# ACL's on Home Router?



## Castiel (Feb 26, 2009)

I was wondering could I configure a ACL on my home router? And configure them with the right ports?


----------



## Castiel (Feb 27, 2009)

Anyone?


----------



## mrhuggles (Feb 27, 2009)

whats ALC stand for?


----------



## A Cheese Danish (Feb 27, 2009)

ACL = Access Control List. And you should be able to. I know theres like one or two freeware programs you can try to assist you with this. This is a tutorial you could try out and see if this will help you any.
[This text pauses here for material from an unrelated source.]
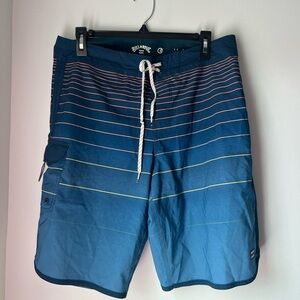 Men’s Billabong swim shorts 🦋🧢🐟🧢🐬

Sz 32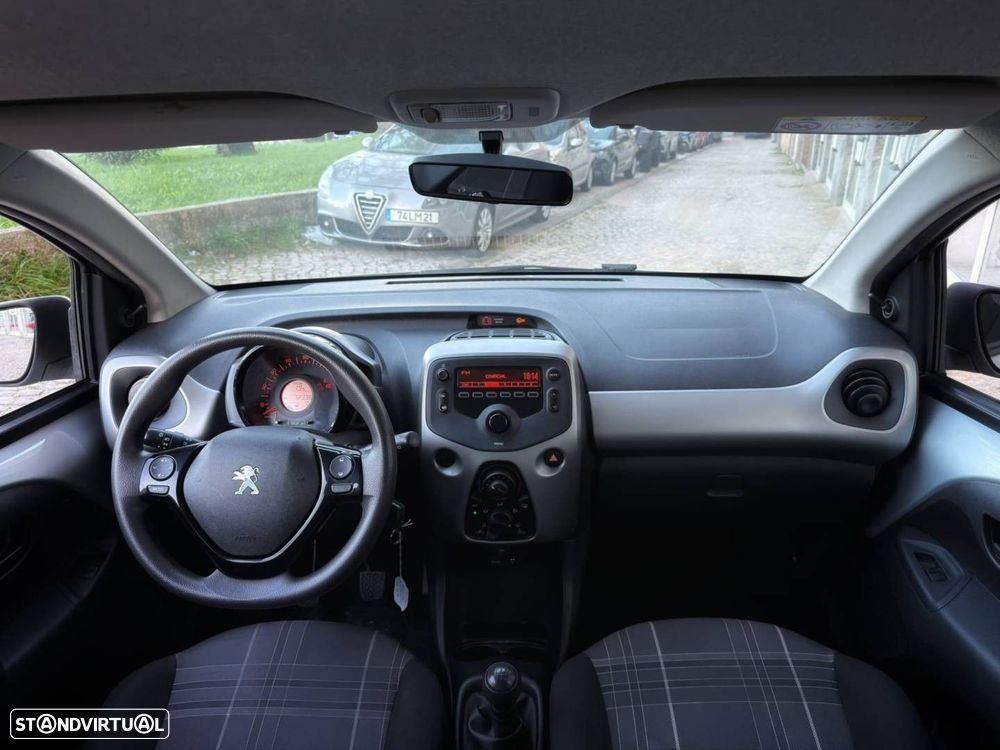 Peugeot 108 1.0 VTi Active - 5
I'm not really too keen on how exactly one should go about doing this.


----------



## IggSter (Feb 27, 2009)

If you want native ACL support - have a look at the Cisco SOHO  range of routers - you can pick these up on ebay for under £/$/Euro 100.

If you mean ACLs on the normal home router selection (dlink, belkin etc) the nearest you will get is port forwarding/Virtual servers rules.

If you feel inclined to flash your router with 3rd party firmware, Im sure one of the open/free WRT packages will have some sort of ACL capability.


----------



## mrhuggles (Feb 27, 2009)

umm, like iptables?

EDIT: yeah in openWRT we use iptables it works really really great.


----------